Perhaps you have posted that meme of supermodel Tyra Banks exploding with anger in “America’s Next Top Model” (“I was twisting for you! We were all twisting for you!”). Or maybe you’ve just posted popular GIFs, like NBA star Michael Jordan screaming, or drag queen RuPaul declaring, “Guuuurl…”
If you are black and share these images online, you will receive a pass. But if you speak white, you may be inadvertently perpetuating one of the most insidious forms of contemporary racism.
You may be using “digital blackface”.
What is digital blackface?
Digital blackface is a practice in which whites co-opt online expressions of images, gyrations, borders or black culture to convey comic relief or express emotions.
These expressions, which one commentator calls racialized reactions, are the mainstays of Twitter feeds, TikTok videos and Instagram rolls, and are among the most popular memes on the Internet.
Digital blackface involves white people pretending to be black, says Lauren Michele Jackson, an author and cultural critic, in an essay for Teen Vogue. Jackson says the Internet thrives off the rendition of exaggerated displays of blackness, reflecting a tendency among some to view “blacks as walking hyperbole.”
If you’re still not sure how to define digital blackface, Jackson offers a guide. She says that “I included displays of emotion stereotyped as excessive: so happy, so daring, so ghetto, so rowdy… our dial is not 10 o’clock all the time – rarely do black characters receive subtle traits or sentiments”.
Many whites choose images of blacks when it comes to expressing exaggerated emotions on social networks – a burden that blacks will not ask for, she says.
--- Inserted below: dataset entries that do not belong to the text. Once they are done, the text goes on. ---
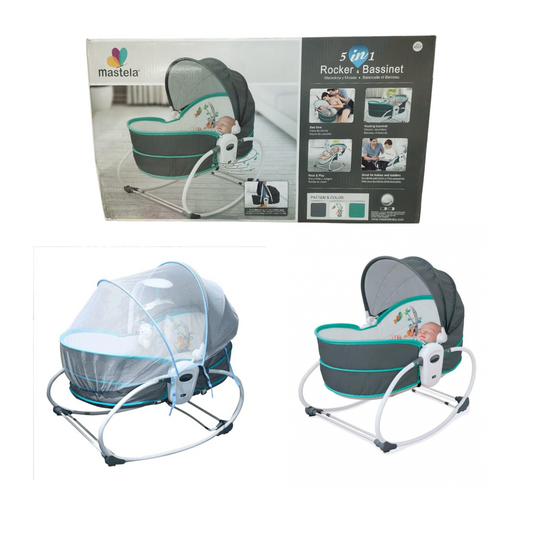 Mastela 5-in-1 Rocker & Bassinet with Canopy, Soothing Music & Soft Toys – Ultimate Multi-Functional Baby Cradle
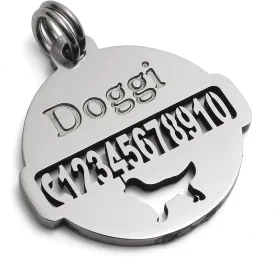 Personalized Openwork Engraved Dog ID Tag Custom Stainless Steel Pet ID Tag Anti-Oxidation Anti-wear Provide a Variety of Silhouette Options Unique Name Tag for Pets (Small)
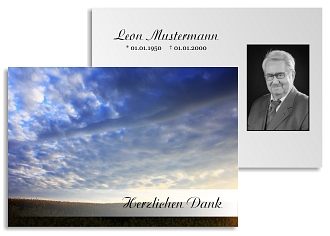 Danksagungskarten Trauer Himmel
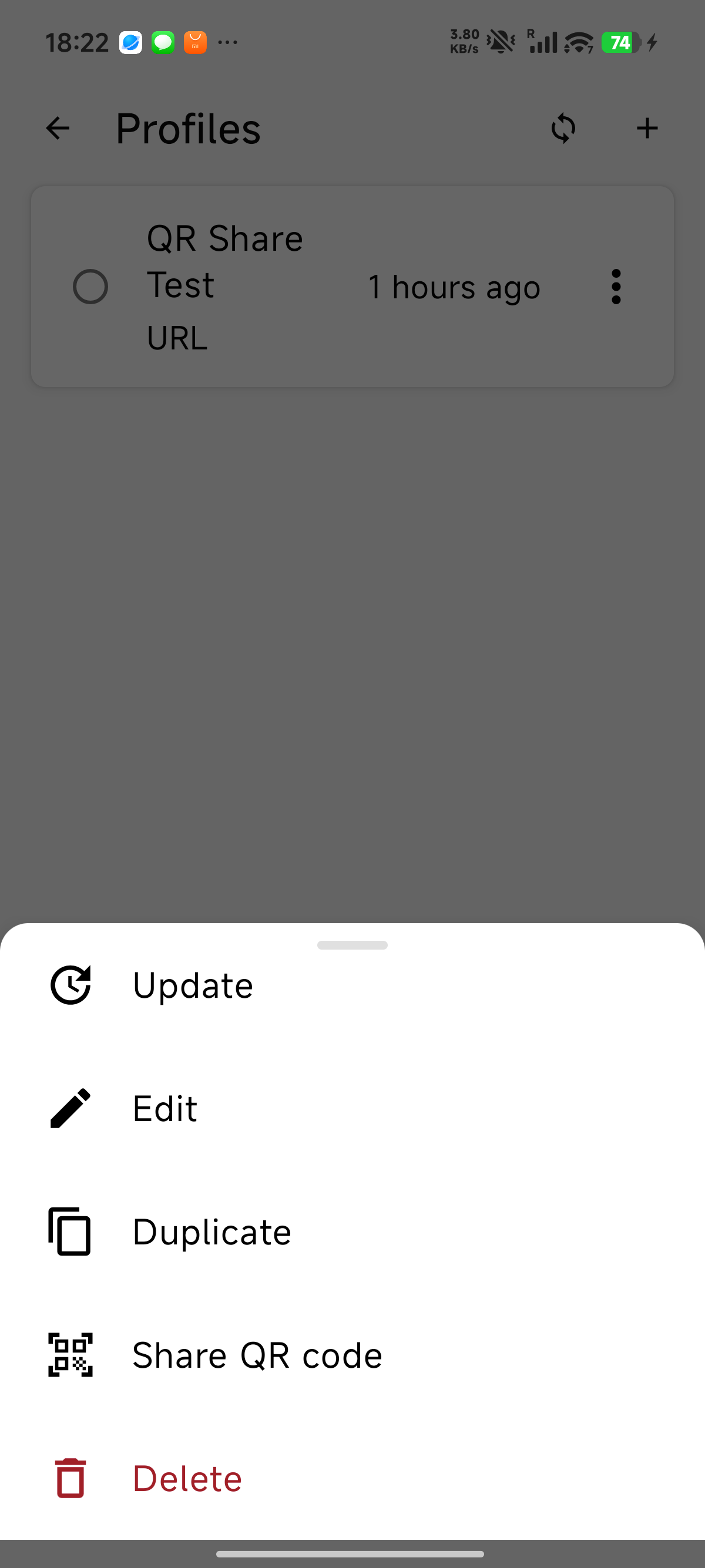 Share QR code directly below Duplicate in the profile menu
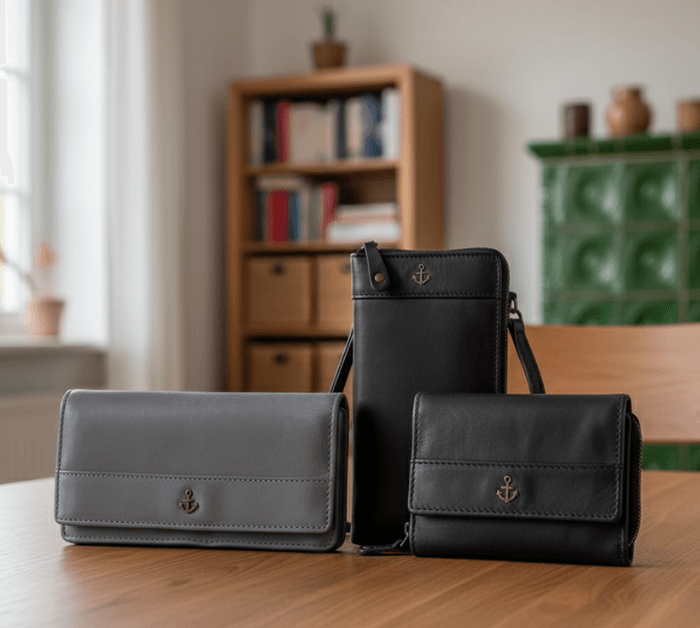 Gedbörsen auf Tisch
“We are her insolence, her indifference, her fury, her delight, her loathing, her happy dance, her diva, her shadow, her ‘yaas’ moments,” Jackson writes. “The weight of the GIF of reaction, final point, rest on our shoulders.”
Why was digital blackface wrong?
Some may say that posting a video of Sweet Brown saying: “Oh, Senhor Jesus, é um incêndio” is just for laughs. Why think too much? Why give more people an apology to mark the whites of racists for the most innocuous behavior?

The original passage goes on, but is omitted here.